Digital teams have done some great work often in difficult circumstances. Yet none of these changes happened overnight.
Many took years of hard work, the backing and repeated interventions of committed politicians, and dogged persistence.
Background
When the UK’s tax agency first let citizens file their tax over the internet in 2001, there were just 38,000 returns.
In 2023, there were 11.5 million. However, this impressive growth also illustrates the lack of a more radical digital transformation: the “increasingly complex tax system burdens government and business with billions in admin costs.” Every year, millions of people are forced to go online to fill in electronic versions of paper forms. A truly transformed public sector would eliminate form-filling, not suck ever more people into the system.
Sometimes government use of technology also heralds something darker: digital welfare systems that breach the rule of law; public agencies trawling citizens’ bank accounts without their consent; CCTV cameras recording our every movement; citizens demoted to second class status as “digital by default” interactions take priority over all other channels; national identity systems that intrude into citizens’ lives and disadvantage the most vulnerable; authoritarian regimes tracking and repressing political dissidents.
The vision versus the reality
Excited by visions of a more open and participative democracy, by the late 1990s the UK government saw how technology could:
“Facilitate fundamental changes in the relationships between the citizen and the state, and between nation states, with implications for the democratic process and structures of government.”

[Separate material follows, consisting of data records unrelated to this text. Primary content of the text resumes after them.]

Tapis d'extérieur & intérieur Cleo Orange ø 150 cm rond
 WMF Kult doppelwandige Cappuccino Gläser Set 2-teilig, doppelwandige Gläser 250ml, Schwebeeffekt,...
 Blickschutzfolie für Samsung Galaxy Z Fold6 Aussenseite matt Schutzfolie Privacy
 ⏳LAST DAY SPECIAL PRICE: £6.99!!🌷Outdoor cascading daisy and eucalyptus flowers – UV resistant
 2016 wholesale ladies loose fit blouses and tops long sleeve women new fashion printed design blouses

By 2002, the UK government was busy consulting on ways:
“To promote, strengthen and enhance our democratic structures … [and] to give individuals more choice about how they can participate in the political process.”
The ambition was not only to reverse the decline in citizen engagement, but also to fix the dysfunctional (and sometimes tragic) outcomes created by siloed, department-centred policymaking. Government aspired to deliver a more modern model of democracy, with cross-cutting policies, routine citizen engagement, streamlined processes, and better political transparency and accountability.
They were exciting times, times when anything seemed possible, long foreshadowing the ideas of Tim O’Reilly, the publisher and technology pundit. In 2010, he described how technology could create a more effective form of government, delivering Thomas Jefferson’s model of a democracy where everyone can participate in government “not merely at an election one day in the year, but every day.”
However, governments have now spent three decades repeatedly claiming technology is about to magically transform the public sector. So, why hasn’t it happened?
The ever-imminent, tech-driven transformation of the public sector
The Challenge
The longstanding failure to reform has left governments struggling to plan and respond effectively to the growing catalogue of social, economic, and geopolitical problems they face:
“Many of the biggest challenges facing Government don’t fit easily into traditional [government] structures. Tackling drug addiction, modernising the criminal justice system, encouraging sustainable development, or turning around run-down areas all require a wide range of departments and agencies to work together. And we need better co-ordination and more teamwork right across government.”
Outside small pockets of success, there’s been remarkably little transformation of government over recent decades. Instead, technology is sidelined into creating digital replicas of existing transactions and processes—sleek websites, online forms, award-winning apps. It automates and fossilises the way things have always been done.
This superficial digital veneer, as the UK government recently called it, masks more fundamental problems: our public institutions are weighed down by antiquated policymaking, paper-era processes, dysfunctional organisational structures, and inadequate constitutional checks and balances on how technology is designed and applied.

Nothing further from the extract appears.